* **Work to be completed**
Once the line with "berceni metrou biruintei" is reached, output it and every line after it, exactly, through the end of the records below. Pictures are skipped.

┌──

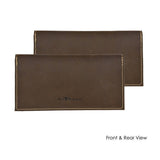 Leather Long Wallet (Nationwide Delivery)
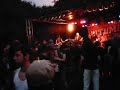 Bitume - live at Fonsstock Festival 2007 (Nordenham) (2/7)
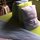 For some reason, I like upright pillows.
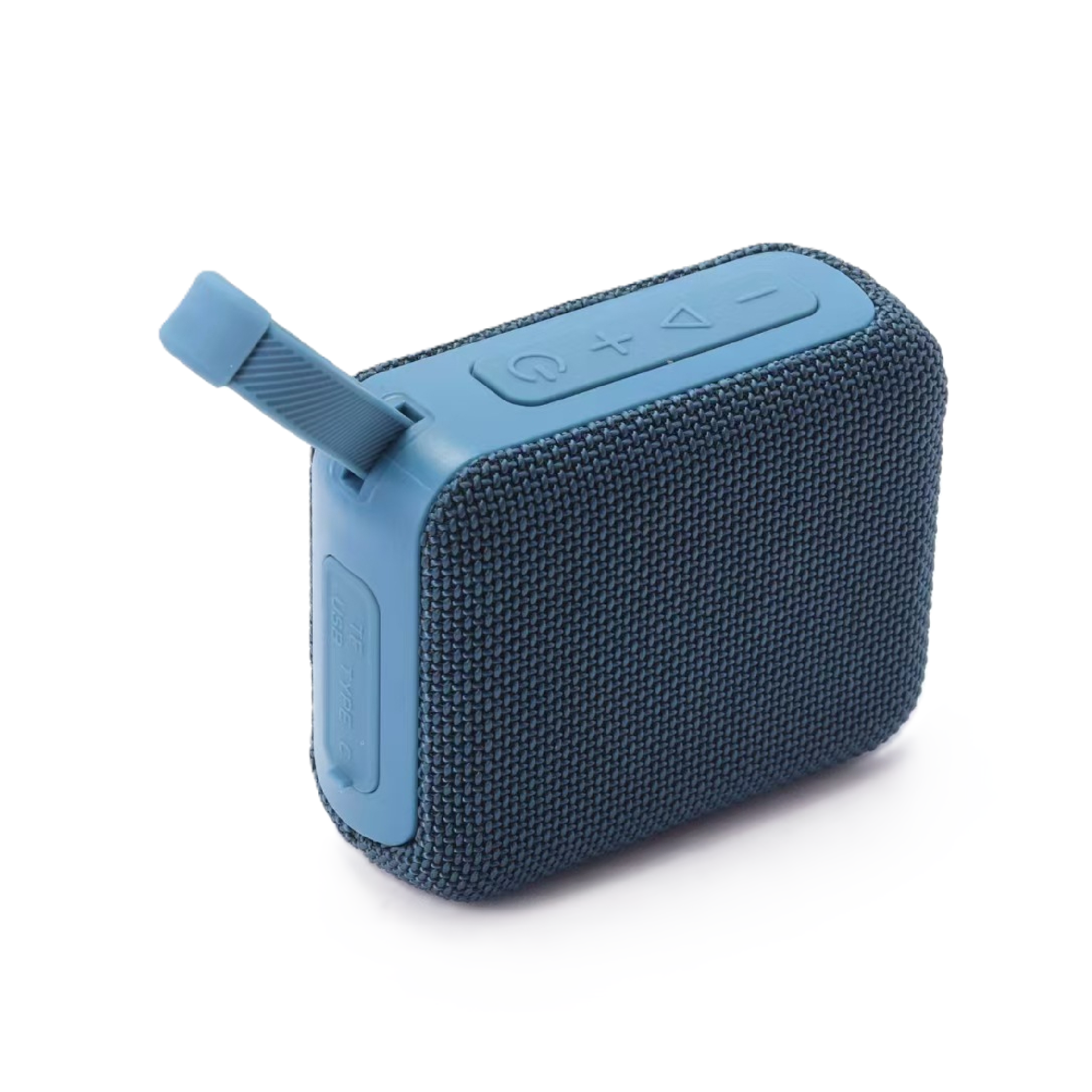 Pii Tech SoundMate, Portable 5W Bluetooth Wireless Speaker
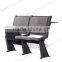 Stronge lecture hall student chair TC-972A-V for university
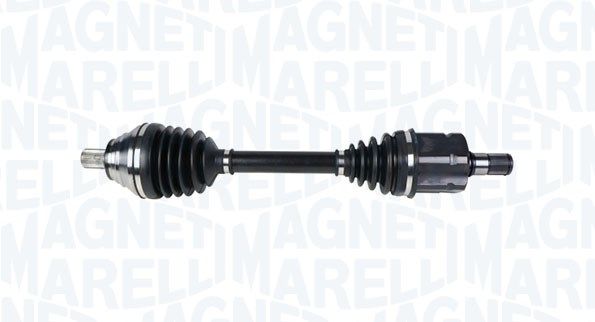 Magneti Marelli 302004190432 Приводний вал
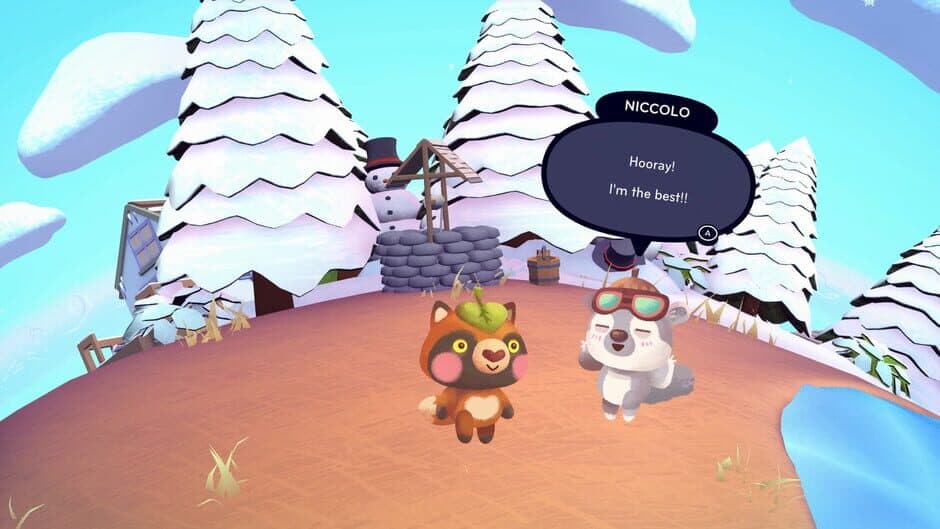 Seasonspree screenshot 3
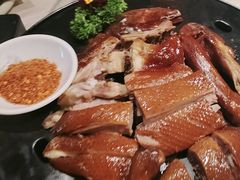 -饕然·民间川菜(龙泉店)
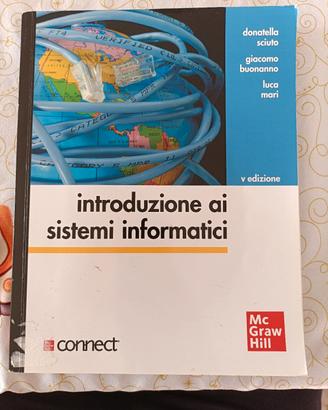 Introduzione ai sistemi informatici - 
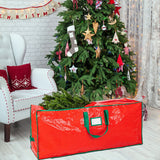 Organizer Waterproof Tree Storage Insect Resistant Christmas Day Dust-Storage Bags
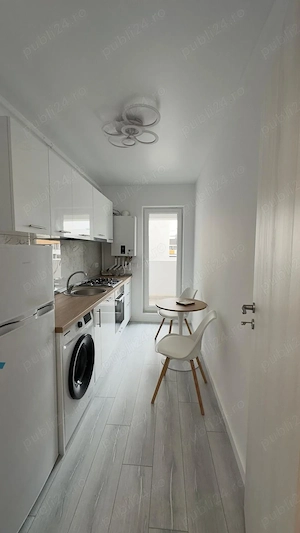 berceni metrou biruintei 81 etaj 7 lux - imagine 12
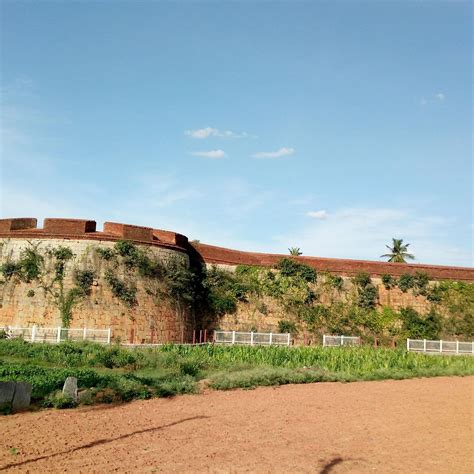 DEVANAHALLI FORT (2024) All You Need to Know BEFORE You Go (with Photos ...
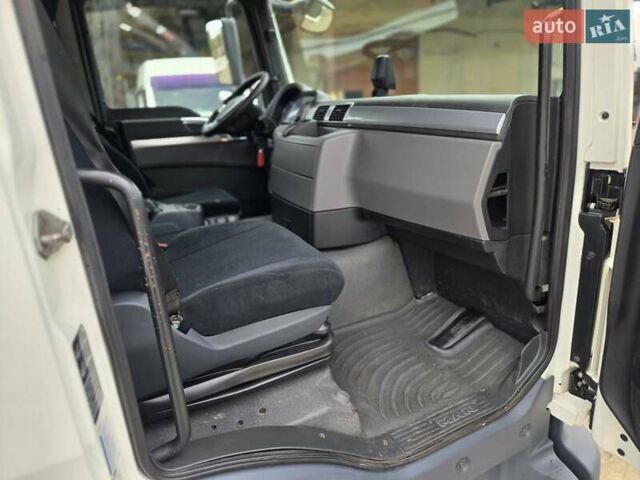 МАН ТГМ, объемом двигателя 0 л и пробегом 545 тыс. км за 40000 $, фото 24 на Automoto.ua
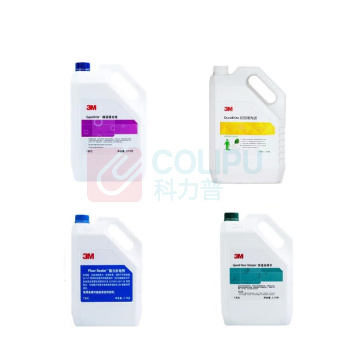 3M 超级硬光蜡 3.78L/桶
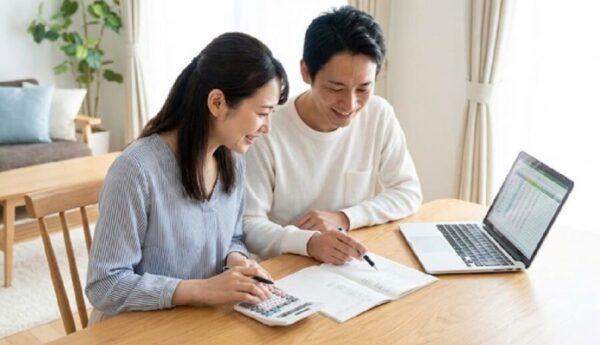 頭金なしで維持費を定額にしたい人のメリット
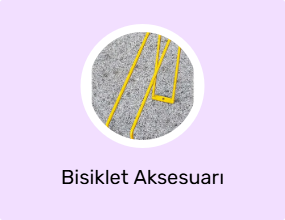 Bisiklet Aksesuarı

└──

* **Your response**
 berceni metrou biruintei 81 etaj 7 lux - imagine 12
 DEVANAHALLI FORT (2024) All You Need to Know BEFORE You Go (with Photos ...
 МАН ТГМ, объемом двигателя 0 л и пробегом 545 тыс. км за 40000 $, фото 24 на Automoto.ua
 3M 超级硬光蜡 3.78L/桶
 頭金なしで維持費を定額にしたい人のメリット
 Bisiklet Aksesuarı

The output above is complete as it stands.